## INSTRUCTIONS TO FOLLOW
Starting at the line that contains "541 Main Street Minturn CO 81645" in the listing below, write out every line word for word until you have written the line that contains "Here's the Helm".

## AVAILABLE DATA
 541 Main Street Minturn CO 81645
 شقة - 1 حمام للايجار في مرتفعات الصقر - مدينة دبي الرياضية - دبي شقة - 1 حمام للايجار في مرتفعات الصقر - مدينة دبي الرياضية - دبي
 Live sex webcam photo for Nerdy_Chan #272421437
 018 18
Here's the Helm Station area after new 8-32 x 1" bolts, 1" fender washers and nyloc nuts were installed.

...

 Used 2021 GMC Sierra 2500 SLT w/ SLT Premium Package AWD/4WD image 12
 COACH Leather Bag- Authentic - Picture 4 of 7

---

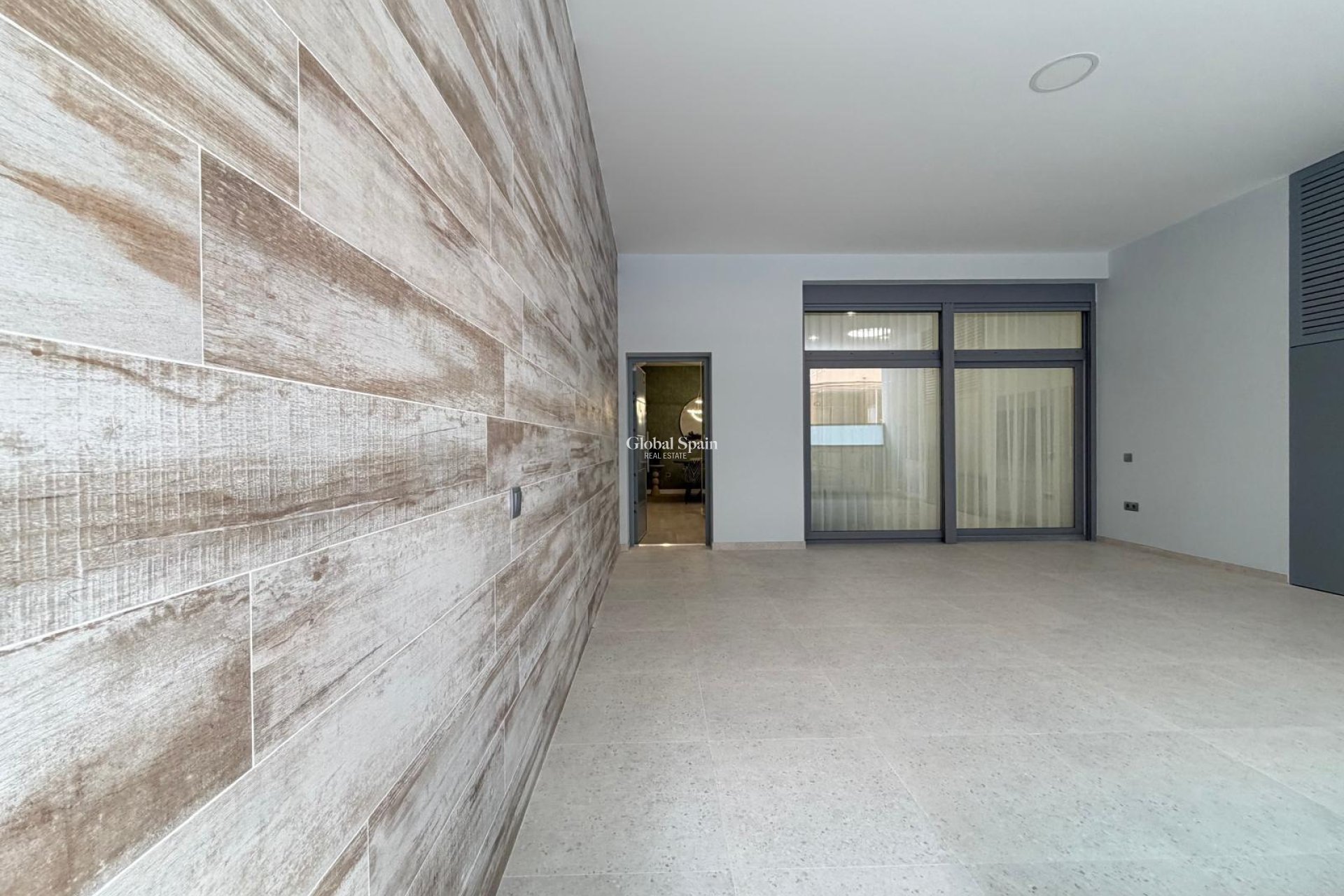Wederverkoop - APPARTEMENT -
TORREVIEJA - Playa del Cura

## RESPONSE AREA
 541 Main Street Minturn CO 81645
 شقة - 1 حمام للايجار في مرتفعات الصقر - مدينة دبي الرياضية - دبي شقة - 1 حمام للايجار في مرتفعات الصقر - مدينة دبي الرياضية - دبي
 Live sex webcam photo for Nerdy_Chan #272421437
 018 18
Here's the Helm Station area after new 8-32 x 1" bolts, 1" fender washers and nyloc nuts were installed.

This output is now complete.